PRANCE: Joint Token-Optimization and Structural Channel-Pruning for Adaptive ViT Inference
Ye Li, Chen Tang, Yuan Meng, Jiajun Fan, Zenghao Chai, Xinzhu Ma, Zhi Wang, Wenwu Zhu
TL;DR
PRANCE tackles the problem of efficiently deploying Vision Transformers by jointly optimizing architectural channels and input tokens on a per-sample basis. It introduces a channel-elastic meta-network trained with weight-sharing to support arbitrary MHSA/MLP dimensions, coupled with a lightweight PPO-based selector that models inference as a Markov decision process and employs a novel Result-to-Go training to reduce the action space. The method supports token pruning, merging, and pruning-then-merging, and demonstrates substantial FLOPs reductions (around 50%) while retaining roughly 10% of tokens and achieving lossless or near lossless Top-1 accuracy across ViT-Tiny, ViT-Small, and ViT-Base.

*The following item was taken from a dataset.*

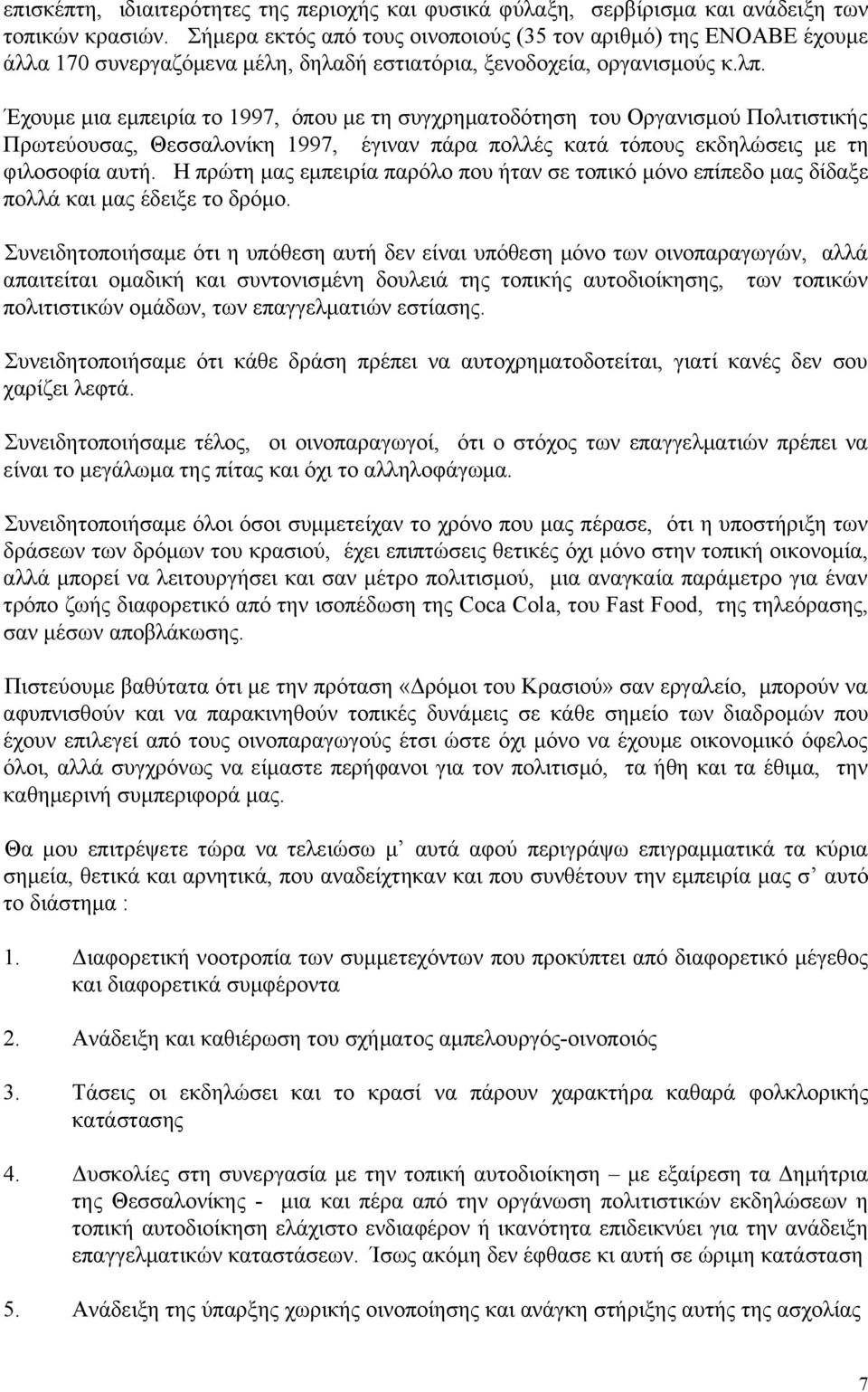 Έχουμε μια εμπειρία το 1997, όπου με τη συγχρηματοδότηση του Οργανισμού Πολιτιστικής Πρωτεύουσας, Θεσσαλονίκη 1997, έγιναν πάρα πολλές κατά τόπους εκδηλώσεις με τη φιλοσοφία αυτή.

These results indicate a practical, adaptive approach to ViT compression that can outperform state-of-the-art lightweight methods and offer significant runtime efficiency for real-world deployments.
Abstract
We introduce PRANCE, a Vision Transformer compression framework that jointly optimizes the activated channels and reduces tokens, based on the characteristics of inputs. Specifically, PRANCE~ leverages adaptive token optimization strategies for a certain computational budget, aiming to accelerate ViTs' inference from a unified data and architectural perspective. However, the joint framework poses challenges to both architectural and decision-making aspects. Firstly, while ViTs inherently support variable-token inference, they do not facilitate dynamic computations for variable channels. To overcome this limitation, we propose a meta-network using weight-sharing techniques to support arbitrary channels of the Multi-head Self-Attention and Multi-layer Perceptron layers, serving as a foundational model for architectural decision-making. Second, simultaneously optimizing the structure of the meta-network and input data constitutes a combinatorial optimization problem with an extremely large decision space, reaching up to around $10^{14}$, making supervised learning infeasible. To this end, we design a lightweight selector employing Proximal Policy Optimization for efficient decision-making. Furthermore, we introduce a novel "Result-to-Go" training mechanism that models ViTs' inference process as a Markov decision process, significantly reducing action space and mitigating delayed-reward issues during training. Extensive experiments demonstrate the effectiveness of PRANCE~ in reducing FLOPs by approximately 50\%, retaining only about 10\% of tokens while achieving lossless Top-1 accuracy. Additionally, our framework is shown to be compatible with various token optimization techniques such as pruning, merging, and sequential pruning-merging strategies. The code is available at \href{https://github.com/ChildTang/PRANCE}{https://github.com/ChildTang/PRANCE}.